The Trust says it cares for complex and challenging patients, which explains the high figures.

The charity says some Trusts use restraints too quickly.

Northumberland, Tyne and Wear health trust responds to patient data

A statement from Northumberland, Tyne and Wear NHS Trust said:

"Reasons for restraint can include a patient being violent or aggressive to either themselves or others with a small percentage of patients requiring high levels of restraint due to the complex nature of their illness.

"Analysis of our figures has shown that a small group of less than 50 patients, who demonstrate very complex and high-risk behaviours, account for over two thirds of the recorded incidents of restraint.

"Our staff are given extensive training in recognition, prevention and de-escalation skills as well as methods of physical restraint and the risks associated with the use of physical restraint to ensure that they can manage episodes of violence and aggression in a safe, supportive, dignified and professional manner in line with national guidance.

"As one of the largest mental health and disability trusts in the country, covering two large cities in the North East, we recognise we are one of the highest reporters among those organisations who responded to Mind's Freedom of Information request.

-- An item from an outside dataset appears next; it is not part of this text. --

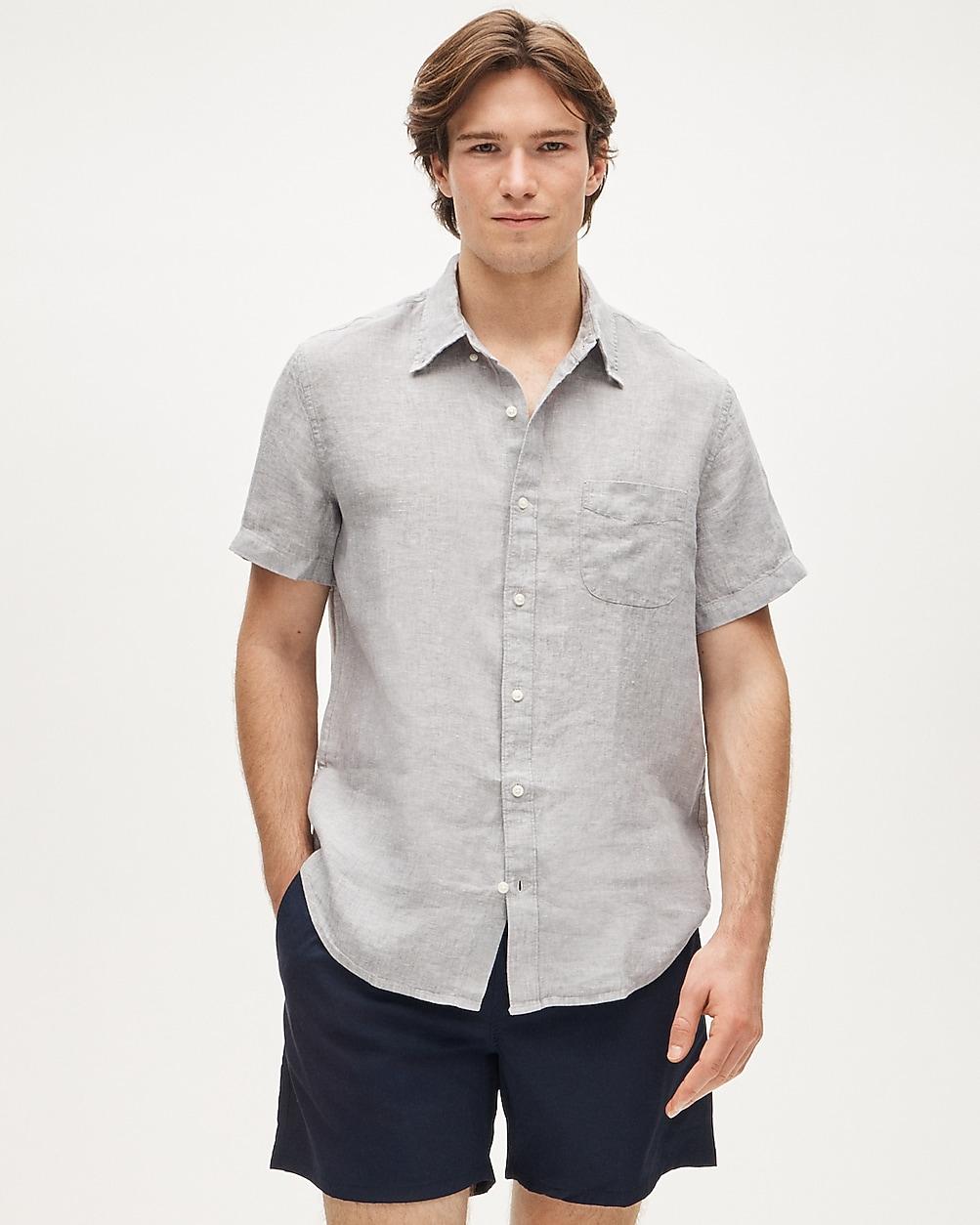 Short-sleeve Baird McNutt Irish linen shirt by J.CREW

"Our recorded statistics are comparable to other mental health trusts of similar size and who also provide a similar range of regional and national specialist services.

"Due to the specialist nature of a number of our services such as our forensic services, the trust cares for some of the most complex and challenging patients from all over the country, which means that the figures may be higher when comparing to areas without such specialist services."

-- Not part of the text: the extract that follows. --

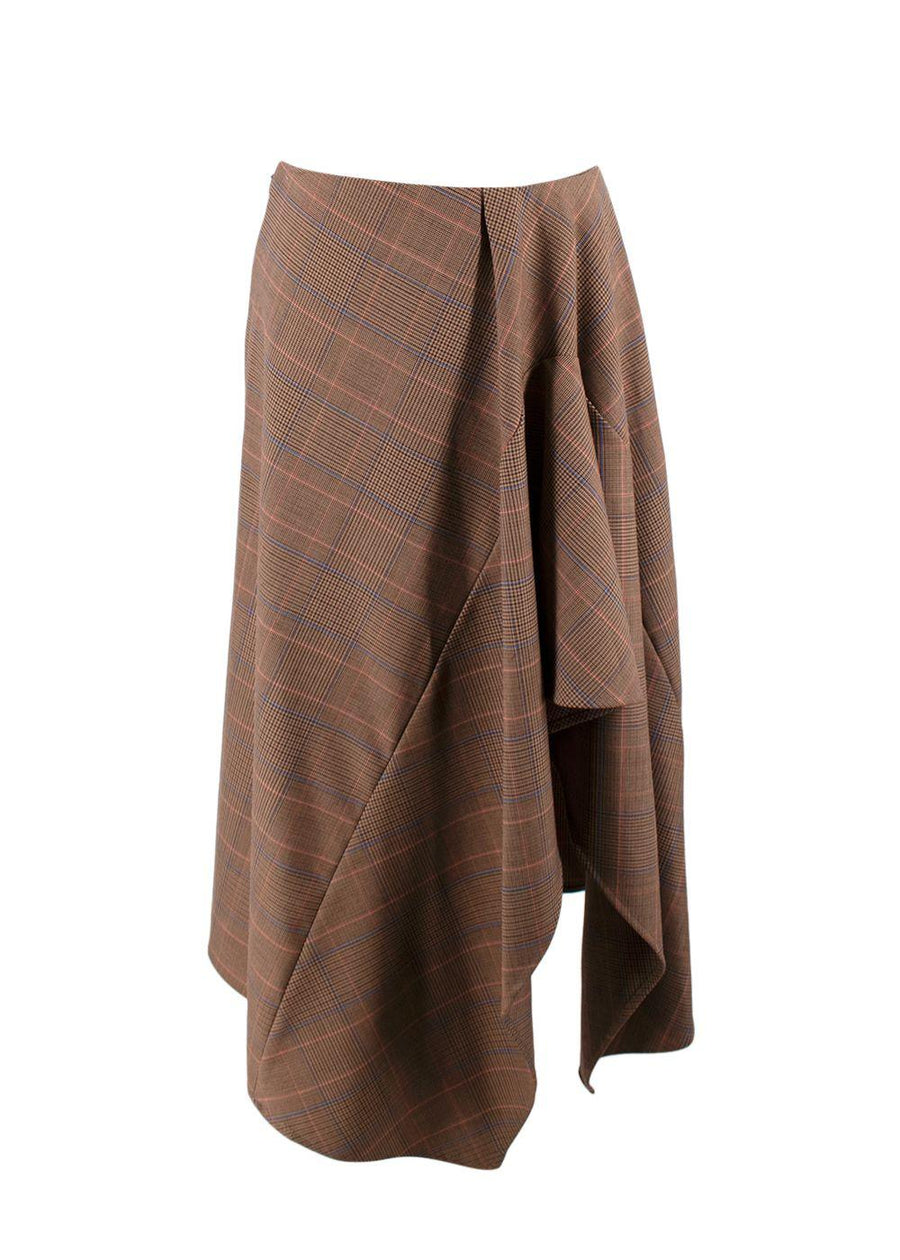 A.L.C Brown Plaid Handkerchief Midi Skirt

– Northumberland, Tyne and Wear NHS Trust

North East patient restraint data revealed

Nearly 40,000 incidents of physical restraint on mental health patients in England were recorded in one year - with more than 3,000 in the "dangerous" face-down position - according to figures released by a charity.

Mind said data obtained under the FoI Act showed 39,883 reported incidents of physical restraint in mental health trusts during 2011/12, with at least 949 people with mental health problems being injured.

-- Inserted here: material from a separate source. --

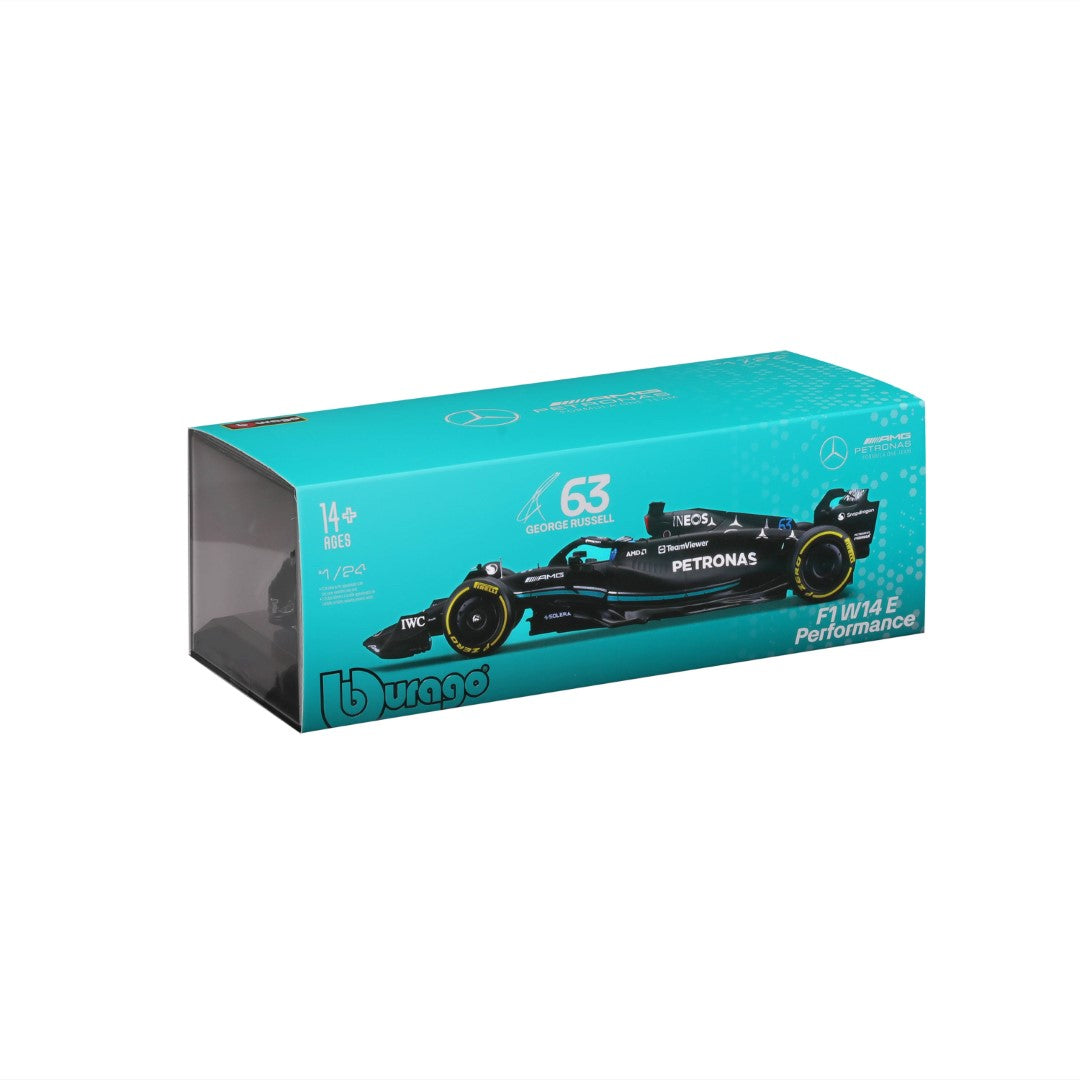 Bburago Mercedes AMG F1 W14 E Performance #63 Hard Case- 1:24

The Tees, Esk and Wear Valleys NHS Foundation Trust reported 3346 incidents in one year.

Northumberland, Tyne and Wear NHS Foundation Trust also recorded 923 incidents of face-down restraint according to the charity's figures.

A separate survey by Mind of 375 frontline healthcare staff involved in physically restraining people with mental health problems, showed:

  • 22% had not had face-to-face training on physical restraint techniques in the last 12 months
  • 42% said that, with hindsight, they felt that restraint had sometimes been used "inappropriately"

"Physical restraint can be humiliating, dangerous and even life-threatening and the huge variation in its use indicates that some trusts are using it too quickly.

"Face-down restraint, when a person is pinned face-down on the floor, is particularly dangerous, as well as extremely frightening to the person being restrained. It has no place in modern healthcare and its use must be ended."